(Saved data entries)

+++++

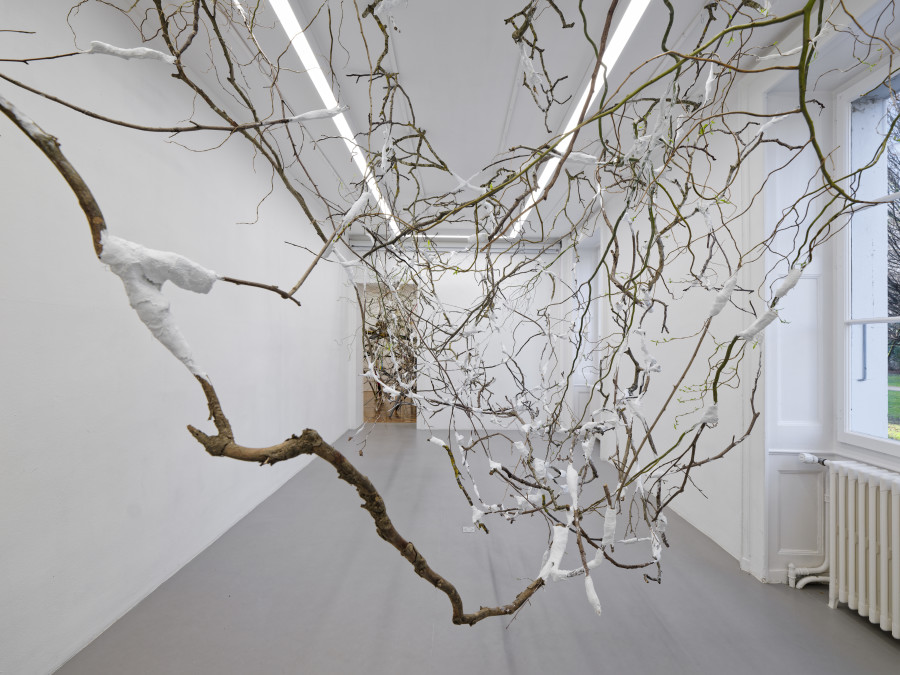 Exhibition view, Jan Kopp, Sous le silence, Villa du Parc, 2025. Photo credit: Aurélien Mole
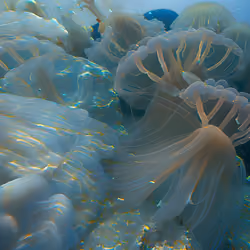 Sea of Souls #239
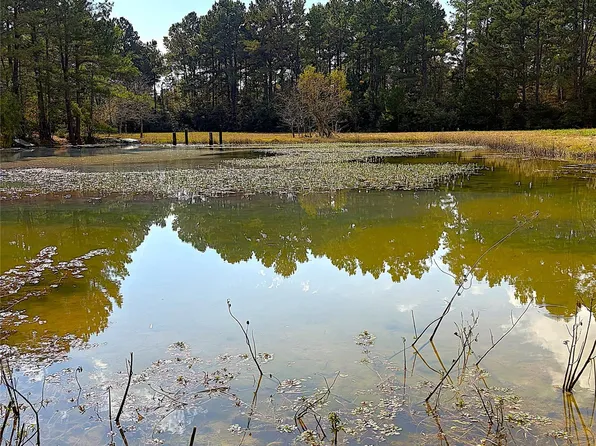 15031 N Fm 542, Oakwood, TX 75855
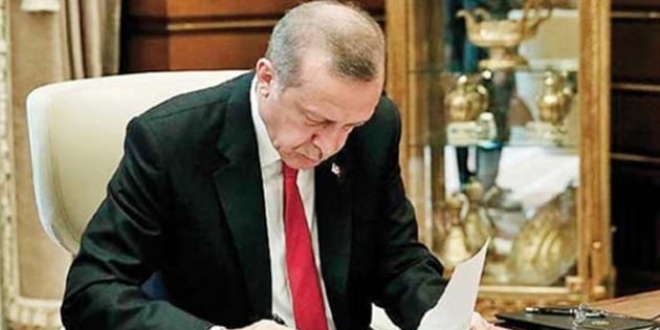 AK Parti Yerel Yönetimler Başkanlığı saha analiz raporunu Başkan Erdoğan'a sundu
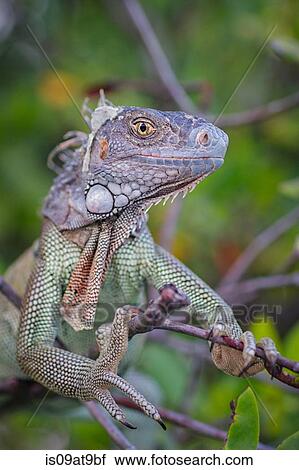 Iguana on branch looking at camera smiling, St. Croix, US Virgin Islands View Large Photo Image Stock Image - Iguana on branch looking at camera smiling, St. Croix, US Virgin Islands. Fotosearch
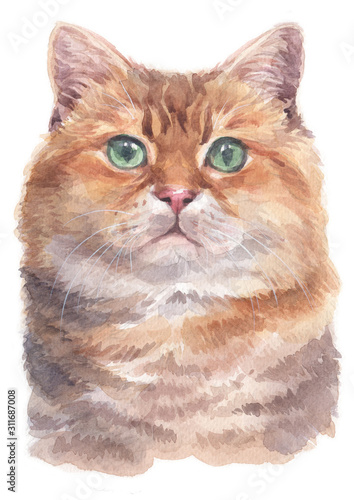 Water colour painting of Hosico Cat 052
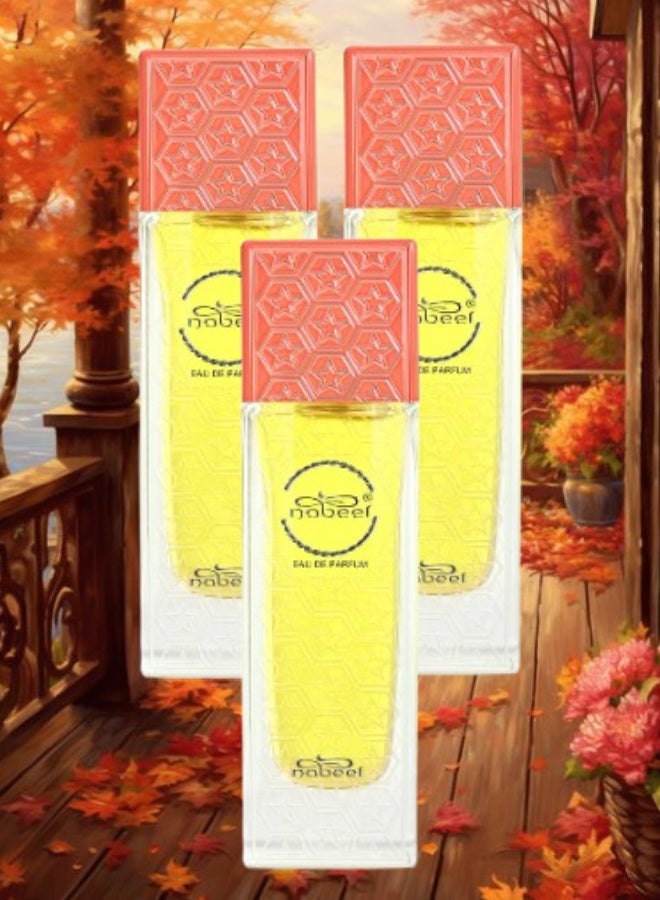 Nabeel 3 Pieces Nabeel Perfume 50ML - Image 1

+++++

PROBLEM REQUIREMENTS ▸
Your copy should match the data above exactly, apart from the pictures.

WRITTEN RESPONSE ▸
 Exhibition view, Jan Kopp, Sous le silence, Villa du Parc, 2025. Photo credit: Aurélien Mole
 Sea of Souls #239
 15031 N Fm 542, Oakwood, TX 75855
 AK Parti Yerel Yönetimler Başkanlığı saha analiz raporunu Başkan Erdoğan'a sundu
 Iguana on branch looking at camera smiling, St. Croix, US Virgin Islands View Large Photo Image Stock Image - Iguana on branch looking at camera smiling, St. Croix, US Virgin Islands. Fotosearch
 Water colour painting of Hosico Cat 052
 Nabeel 3 Pieces Nabeel Perfume 50ML - Image 1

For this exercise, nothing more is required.